Un bien superior, el de la prolongación del topo hasta la puerta de una multinacional que se expande gracias a la explotación infantil y femenina en territorios lejanos, justifica un «mal menor», la degradación de la condición humana al servilismo, a través de contratos humillantes, cuando los hay. Si los trabajadores son oriundos también de territorios lejanos, mejor que mejor. Llegará el día, como otros tantos, en los que un propagandista disfrazado de periodista haga la crónica de la inauguración de la línea, con el vanidoso alcalde y el concejal acomplejado abriendo portada. El resto será absorbido por la «línea del progreso».

En la capital vizcaína, los trabajadores del reciente del festival realizado en Kobetamendi, el BBK live, han consumado jornadas de 12 horas, a menos de 4 euros la hora. Un festival apadrinado por el Ayuntamiento de Bilbao, cuyo alcalde el señor Aburto, tiene el segundo sueldo más alto de los municipios españoles. Un festival asimismo avalado por la fundación que da nombre al evento, cuyo presidente, el señor Sagredo, gana cuatro ves más que el alcalde citado.
En las joyas de la corona del mundo del espectáculo, las obras de remodelación del campo de fútbol de Anoeta están siendo un ejemplo de la voracidad patronal. Las jornadas de trabajo de cerca de 12 horas diarias, son correspondidas con sueldos que no llegan al 60% del mínimo recogido en convenio. Las de San Mames Barria no fueron a la zaga. Los trabajadores cumplieron jornadas semanales de 72 horas de trabajo, que los sindicatos denunciaron «en condiciones de esclavitud». Luego, ya lo saben, durante 90 minutos desfilarán, en cuanto empiece la nueva temporada, jugadores con fichas superiores a los 10, 20 o 30 millones de euros.

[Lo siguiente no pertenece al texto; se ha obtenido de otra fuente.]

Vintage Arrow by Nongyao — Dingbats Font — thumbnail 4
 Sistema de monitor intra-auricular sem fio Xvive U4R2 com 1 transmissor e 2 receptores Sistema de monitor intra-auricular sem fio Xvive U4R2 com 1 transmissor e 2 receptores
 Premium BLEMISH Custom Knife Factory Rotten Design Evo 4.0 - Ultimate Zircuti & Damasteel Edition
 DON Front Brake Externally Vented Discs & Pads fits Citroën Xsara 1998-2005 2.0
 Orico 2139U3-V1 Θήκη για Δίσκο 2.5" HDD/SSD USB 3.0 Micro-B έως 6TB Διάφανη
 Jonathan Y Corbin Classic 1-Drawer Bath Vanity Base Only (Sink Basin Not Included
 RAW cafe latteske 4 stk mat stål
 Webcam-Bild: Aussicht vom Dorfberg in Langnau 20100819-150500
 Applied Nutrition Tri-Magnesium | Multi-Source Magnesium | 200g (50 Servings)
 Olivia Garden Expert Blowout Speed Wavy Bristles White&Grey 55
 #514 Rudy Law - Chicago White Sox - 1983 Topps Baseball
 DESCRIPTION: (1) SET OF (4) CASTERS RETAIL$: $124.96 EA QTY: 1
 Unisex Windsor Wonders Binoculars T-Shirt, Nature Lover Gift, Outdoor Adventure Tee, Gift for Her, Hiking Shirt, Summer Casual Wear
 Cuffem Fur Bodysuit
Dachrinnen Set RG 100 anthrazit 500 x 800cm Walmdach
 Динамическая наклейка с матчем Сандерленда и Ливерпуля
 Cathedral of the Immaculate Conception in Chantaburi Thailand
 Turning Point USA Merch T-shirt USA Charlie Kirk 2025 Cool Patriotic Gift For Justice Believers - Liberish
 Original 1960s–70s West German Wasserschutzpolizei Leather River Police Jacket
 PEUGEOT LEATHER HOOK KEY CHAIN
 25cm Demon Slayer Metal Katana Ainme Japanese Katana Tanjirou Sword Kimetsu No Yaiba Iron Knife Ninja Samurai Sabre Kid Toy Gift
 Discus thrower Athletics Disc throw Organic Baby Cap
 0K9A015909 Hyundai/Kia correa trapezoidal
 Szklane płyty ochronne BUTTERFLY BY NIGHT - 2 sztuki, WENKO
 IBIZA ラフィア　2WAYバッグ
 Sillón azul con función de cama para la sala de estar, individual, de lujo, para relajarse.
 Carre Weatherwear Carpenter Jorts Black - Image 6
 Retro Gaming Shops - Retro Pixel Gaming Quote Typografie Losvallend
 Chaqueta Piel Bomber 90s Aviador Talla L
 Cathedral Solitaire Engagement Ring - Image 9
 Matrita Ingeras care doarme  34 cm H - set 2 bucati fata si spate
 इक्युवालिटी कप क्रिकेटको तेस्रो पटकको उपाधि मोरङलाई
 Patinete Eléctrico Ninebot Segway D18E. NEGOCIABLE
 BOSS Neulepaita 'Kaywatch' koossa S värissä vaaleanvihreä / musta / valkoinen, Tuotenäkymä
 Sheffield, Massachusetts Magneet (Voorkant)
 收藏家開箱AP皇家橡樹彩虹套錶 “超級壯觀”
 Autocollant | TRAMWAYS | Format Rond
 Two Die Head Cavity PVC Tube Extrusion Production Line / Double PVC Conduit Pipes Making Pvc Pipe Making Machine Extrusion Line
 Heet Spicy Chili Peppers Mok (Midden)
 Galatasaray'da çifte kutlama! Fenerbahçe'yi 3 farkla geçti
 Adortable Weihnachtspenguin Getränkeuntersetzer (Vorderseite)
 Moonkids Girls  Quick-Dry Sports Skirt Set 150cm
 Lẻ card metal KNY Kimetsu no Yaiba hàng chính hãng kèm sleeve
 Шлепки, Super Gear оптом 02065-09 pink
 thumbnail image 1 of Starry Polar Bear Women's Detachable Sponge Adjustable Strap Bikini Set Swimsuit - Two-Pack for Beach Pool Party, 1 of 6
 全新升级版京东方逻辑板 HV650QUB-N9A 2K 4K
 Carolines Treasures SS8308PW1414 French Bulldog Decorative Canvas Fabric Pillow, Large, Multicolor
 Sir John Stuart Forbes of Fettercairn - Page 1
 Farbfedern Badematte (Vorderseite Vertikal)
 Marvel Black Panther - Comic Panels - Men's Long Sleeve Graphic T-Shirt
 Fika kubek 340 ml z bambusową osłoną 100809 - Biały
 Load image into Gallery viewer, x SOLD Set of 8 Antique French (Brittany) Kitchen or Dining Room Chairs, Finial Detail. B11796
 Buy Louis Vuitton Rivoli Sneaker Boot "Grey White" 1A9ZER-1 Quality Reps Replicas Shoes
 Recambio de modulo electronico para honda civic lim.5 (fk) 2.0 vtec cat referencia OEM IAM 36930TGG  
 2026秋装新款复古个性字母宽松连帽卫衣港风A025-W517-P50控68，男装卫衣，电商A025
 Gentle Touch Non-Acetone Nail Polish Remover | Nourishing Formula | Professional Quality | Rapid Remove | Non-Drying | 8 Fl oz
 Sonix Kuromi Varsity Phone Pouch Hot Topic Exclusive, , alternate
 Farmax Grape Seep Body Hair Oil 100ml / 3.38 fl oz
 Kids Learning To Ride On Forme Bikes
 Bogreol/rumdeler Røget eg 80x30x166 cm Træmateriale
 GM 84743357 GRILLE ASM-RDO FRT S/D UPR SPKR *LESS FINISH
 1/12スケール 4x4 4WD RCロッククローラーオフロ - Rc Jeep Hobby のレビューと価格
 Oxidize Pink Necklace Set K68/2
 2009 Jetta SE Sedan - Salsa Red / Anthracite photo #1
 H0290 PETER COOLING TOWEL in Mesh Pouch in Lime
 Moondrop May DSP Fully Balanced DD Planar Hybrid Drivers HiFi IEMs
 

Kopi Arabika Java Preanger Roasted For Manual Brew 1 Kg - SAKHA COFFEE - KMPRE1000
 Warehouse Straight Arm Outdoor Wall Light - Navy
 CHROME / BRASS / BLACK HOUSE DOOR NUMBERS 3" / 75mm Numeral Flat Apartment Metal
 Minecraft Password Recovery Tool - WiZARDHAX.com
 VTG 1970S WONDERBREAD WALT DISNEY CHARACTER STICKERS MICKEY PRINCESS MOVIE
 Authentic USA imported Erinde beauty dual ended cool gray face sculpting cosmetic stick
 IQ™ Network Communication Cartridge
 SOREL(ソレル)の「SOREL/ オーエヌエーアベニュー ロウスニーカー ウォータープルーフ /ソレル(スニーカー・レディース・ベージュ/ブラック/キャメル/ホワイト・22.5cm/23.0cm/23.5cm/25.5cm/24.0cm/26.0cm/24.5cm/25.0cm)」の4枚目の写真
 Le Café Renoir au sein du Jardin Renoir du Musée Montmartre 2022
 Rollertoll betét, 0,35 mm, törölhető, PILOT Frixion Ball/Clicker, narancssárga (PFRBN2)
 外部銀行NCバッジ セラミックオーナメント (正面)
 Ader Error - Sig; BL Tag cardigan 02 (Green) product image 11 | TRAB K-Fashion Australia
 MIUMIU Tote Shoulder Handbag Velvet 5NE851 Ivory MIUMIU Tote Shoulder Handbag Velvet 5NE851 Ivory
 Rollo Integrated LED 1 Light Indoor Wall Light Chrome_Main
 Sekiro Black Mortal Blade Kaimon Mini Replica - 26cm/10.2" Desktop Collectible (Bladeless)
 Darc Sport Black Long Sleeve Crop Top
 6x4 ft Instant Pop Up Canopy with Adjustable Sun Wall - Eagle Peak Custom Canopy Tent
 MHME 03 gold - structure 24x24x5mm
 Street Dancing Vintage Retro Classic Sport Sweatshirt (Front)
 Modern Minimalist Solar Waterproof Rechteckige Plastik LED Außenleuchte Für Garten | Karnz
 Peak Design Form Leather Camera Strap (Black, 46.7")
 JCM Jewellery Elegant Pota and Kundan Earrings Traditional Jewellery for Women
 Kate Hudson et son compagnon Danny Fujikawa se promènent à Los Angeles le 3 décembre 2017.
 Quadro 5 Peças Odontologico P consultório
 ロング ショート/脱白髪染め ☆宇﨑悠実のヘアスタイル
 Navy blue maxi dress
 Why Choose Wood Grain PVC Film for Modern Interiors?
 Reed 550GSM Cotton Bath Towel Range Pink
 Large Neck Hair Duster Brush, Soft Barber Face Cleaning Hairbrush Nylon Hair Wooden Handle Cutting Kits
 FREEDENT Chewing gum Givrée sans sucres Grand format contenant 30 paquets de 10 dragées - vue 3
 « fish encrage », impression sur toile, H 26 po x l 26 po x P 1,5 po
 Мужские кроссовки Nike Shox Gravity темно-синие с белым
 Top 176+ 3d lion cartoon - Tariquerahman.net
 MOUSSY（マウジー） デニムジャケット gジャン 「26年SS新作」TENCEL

Vivimos en un medio que nos hacen creer especial, diverso al de los vecinos cuyos presidentes son corruptos o han sido aupados por los amos del dinero. Pero esa impresión es tan falsa como la misma que ofrece el consejero de turno cuando nos dice que los accidentes mortales en la construcción del TAV son inevitables, tal y como los de tráfico. El oasis vasco tiene una exclusiva, la invisibilización de la esclavitud, de la precariedad, de la marginalidad. En eso son unos artistas: el informe sobre la pobreza que Urkullu y Erkoreka escondieron bajo la alfombra.